This repository contains the source code for my submission to the CoderOne AI challenge in December 2020.
Our bot uses a method that has been applied to control AI in other games such as Brogue, known as Dijkstra maps within the gaming space. These models have also been referred to as potential or flow methods in other domains. For a write-up demonstrating the theory and the usefulness of these methods, see here. Our code makes use of a Python implemention written by Kehvarl.

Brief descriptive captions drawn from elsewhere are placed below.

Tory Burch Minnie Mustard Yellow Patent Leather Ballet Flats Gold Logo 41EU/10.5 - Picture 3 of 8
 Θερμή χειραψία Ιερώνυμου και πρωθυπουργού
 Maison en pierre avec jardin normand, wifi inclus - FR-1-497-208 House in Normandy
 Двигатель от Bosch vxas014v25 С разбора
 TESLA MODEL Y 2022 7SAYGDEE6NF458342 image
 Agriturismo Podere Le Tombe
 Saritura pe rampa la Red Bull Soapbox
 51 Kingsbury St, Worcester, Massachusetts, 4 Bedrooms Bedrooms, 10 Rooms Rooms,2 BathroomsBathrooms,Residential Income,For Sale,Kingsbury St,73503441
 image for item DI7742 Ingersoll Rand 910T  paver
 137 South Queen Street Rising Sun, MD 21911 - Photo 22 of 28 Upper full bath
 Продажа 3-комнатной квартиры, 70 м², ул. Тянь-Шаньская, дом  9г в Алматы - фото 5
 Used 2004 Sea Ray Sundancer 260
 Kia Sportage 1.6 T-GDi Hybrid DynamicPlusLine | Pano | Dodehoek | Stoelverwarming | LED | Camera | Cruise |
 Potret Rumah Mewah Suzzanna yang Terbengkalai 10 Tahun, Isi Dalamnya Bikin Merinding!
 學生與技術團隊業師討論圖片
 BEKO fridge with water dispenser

To populate a Dijkstra map, the following algorithm is applied:
- Set each grid cell to a default value of 100
- Given a set of goals, set the value of each goal to 0
- For each cell
c
in the grid:- If there is an adjacent cell
c_a
with a difference greater than 1, setc= c_a + 1
- Else do nothing
- If there is an adjacent cell
- Repeat 1-3 until no changes are recorded
The end result will be a gridmap with 0s at our goal locations, and increasing values as we move away from the goal. For example, a 5x5 grid with a goal at the center would return:
43234
32123
21012
32123
43234
The same grid with goals at each corner would look like:
01210
12321
23432
12321
01210
To navigate a Dijkstra map, our agent decides to move to the lowest adjacent value. If the lowest value is the current position, then the agent will remain in the same location. If there are multiple options, the agent randomly chooses between them. In this way, the pathfinding problem has been reduced to "rolling downhill". Note that the default value of 0 can be replaced with any other chosen value. Negative goal values will have the agent seek out the goal from further away.
A key observation is in the second example, an agent placed at the centre can navigate to any of the four goals. This demonstrates that the agent already has some capacity to decide between different goals (even if our decision process is random at this point).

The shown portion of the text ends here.